Dig helps to uncover secrets of King's Lynn's past
Secrets of Lynn’s past are being uncovered following two days of excavations in the heart of the town.
More than 20 members of the public helped to dig several test pits at the Kettlewell Lane site at the weekend.
And the full extent of what the finds tell us about the town’s history is set to be uncovered during cataloguing sessions and lectures which are due to take place over the next few weeks.
The events have been arranged as part of the Hidden Heritage of the Gaywood River project to turn a vacant landfill site near Lynnsport into a wooded parkland and wildflower meadow.
The £210,000 project was awarded a £94,000 Heritage Lottery Fund grant last year and an events programme planned to help broaden public understanding of the area’s importance to the town.

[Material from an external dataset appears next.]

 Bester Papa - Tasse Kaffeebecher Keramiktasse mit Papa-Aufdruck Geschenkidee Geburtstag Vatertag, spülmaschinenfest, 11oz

Archaeological consultant Dr Clive Bond said the test pits dug at the site had revealed items including fragments of medieval pottery, layers of crushed whelk shells, similar to what have been found in other parts of the town but which have not previously been found there and stonework suggesting where the old town walls would once have stood prior to the removal of the Eastgate gate in the early 19th century.
He welcomed the level of public interest in the project, including several members of the Eastern European community who took part.
He said: “It’s their opportunity to look a little bit deeper and grow our understanding of our town’s heritage. It’s not just digging a hole. It’s much more than that.”
The fragments discovered during the dig weekend will be washed, weighed and catalogued during a session at the Gaywood library tomorrow, between 11am and 3pm. The aim is to enable experts to date each layer of the excavations.
Anyone interested is welcome to attend the event, which is free and is not restricted to people who took part in the dig weekend
Dr Bond will then deliver a report on the findings at the Gaywood library on Saturday, September 15, between 6 and 8pm. Admission is free.